Since I mainly used SQL Server at work before, now at early retirement I decided for my weather project to use some things that were already made with other tools that included MySQL - I was thinking of using the implementation of NULs in MySQL, which differs quite a bit from what I was used to do. My thought being - a possible faster creation of the temp memory table. But my time is too limited right now to experiment with this.

Time to go to bed now, here in Europe - Hope someone else decides to take part in this, because it looks like you have a problem that I might also hit later on.

bump, still having this issue, getting slower and slower

Try using the EXPLAIN (ahead of the SELECT statement, i.e. EXPLAIN SELECT …) look for the differences in how the things are being executed.

Have you tested making a multiple-column index - see the refs I hinted at before.

I don’t need to use EXPLAIN, I get the same data from the SQl profiler I use. Here is a screenshot of the profiler info on the query.

I tried adding a new multie-colum index with “profiles & mp”. The explain shows that this new index listed under “possible_keys” and “key”, but the query time is unchanged, still over 5 seconds.

If I remove the “ORDER BY t.published DESC” the query is fast. Or if I remove the “WHERE t.province=‘’ AND t.mp=‘0’” and keep the ORDER BY, the query is fast. But i need both.

Something weird, I made a dump of my database to test on my local desktop so i don’t screw up the live site. The same query on my local runs super fast, milliseconds. So I copied all the same mysql startup variables from the server to my local to make sure there wasn’t some setting that might be causing this. But even after that the local query runs super fast, but the one on the live server is over 5 seconds.
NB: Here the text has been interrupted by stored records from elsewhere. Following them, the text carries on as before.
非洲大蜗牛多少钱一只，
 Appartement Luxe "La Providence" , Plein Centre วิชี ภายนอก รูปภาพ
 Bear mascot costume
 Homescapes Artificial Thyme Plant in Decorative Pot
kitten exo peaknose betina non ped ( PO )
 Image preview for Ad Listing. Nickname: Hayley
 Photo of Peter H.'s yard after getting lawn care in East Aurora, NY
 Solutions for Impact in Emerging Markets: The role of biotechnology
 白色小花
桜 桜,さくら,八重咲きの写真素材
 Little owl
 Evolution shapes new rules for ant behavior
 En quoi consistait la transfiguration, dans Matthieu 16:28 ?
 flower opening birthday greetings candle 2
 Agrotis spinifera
My database server is only using around 800MB of the 4GB it has available.
here are the related my.ini settings i’m using

[mysqld]
default-storage-engine = MYISAM
max_connections = 800
skip-locking
key_buffer = 512M
max_allowed_packet = 1M
table_cache = 512
sort_buffer_size = 4M
read_buffer_size = 4M
read_rnd_buffer_size = 16M
myisam_sort_buffer_size = 64M
thread_cache_size = 8
query_cache_size = 128M

Try number of CPU’s*2 for thread_concurrency

thread_concurrency = 8

Disable Federated by default

skip-federated

[isamchk]
key_buffer = 512M
sort_buffer_size = 256M
read_buffer = 2M
write_buffer = 2M

[myisamchk]
key_buffer = 512M
sort_buffer_size = 256M
read_buffer = 2M
write_buffer = 2M

Got a phone call had to wait up for a couple of hours.

Here are a sum up of my tests with my database 600MB+, 2.6 million records, 80 columns in one single table.

the SELECT covers 25000+ for first comparison, 64.000+ for the second.

SELECT recdate, ot, dp FROM oasis FORCE INDEX (ix_OT, ix_DP) WHERE ot < - 15.00 AND dp < -20.00 ORDER BY ot

Without any indexes it took between 40 and 50 seconds.

With indexes created, but with not FORCE INDEX it took 4.5 sec.

With SELECT * and FORCE INDEX it took 1.063 sec.

With SELECT recdate, ot, dp … it took 0nly 0.516 sec.

Note that this is with numeric data, but a lot of hits, and it is LOWER THAN comparisions, not comparison for equals.

Havent tested with an index for two columns.

Try see if you get somthing like this with FORCE INDEX?! Good Luck!

with an index for two columns and FORCE INDEX (ix_OT_DP) I am now down to 0.047 secs…

Make shure the Indexes are in the order you want the to be in the sort, ORDER BY. I.e. declare the sortorder to be what you want when creating the indexes. That was a factor 30 for me.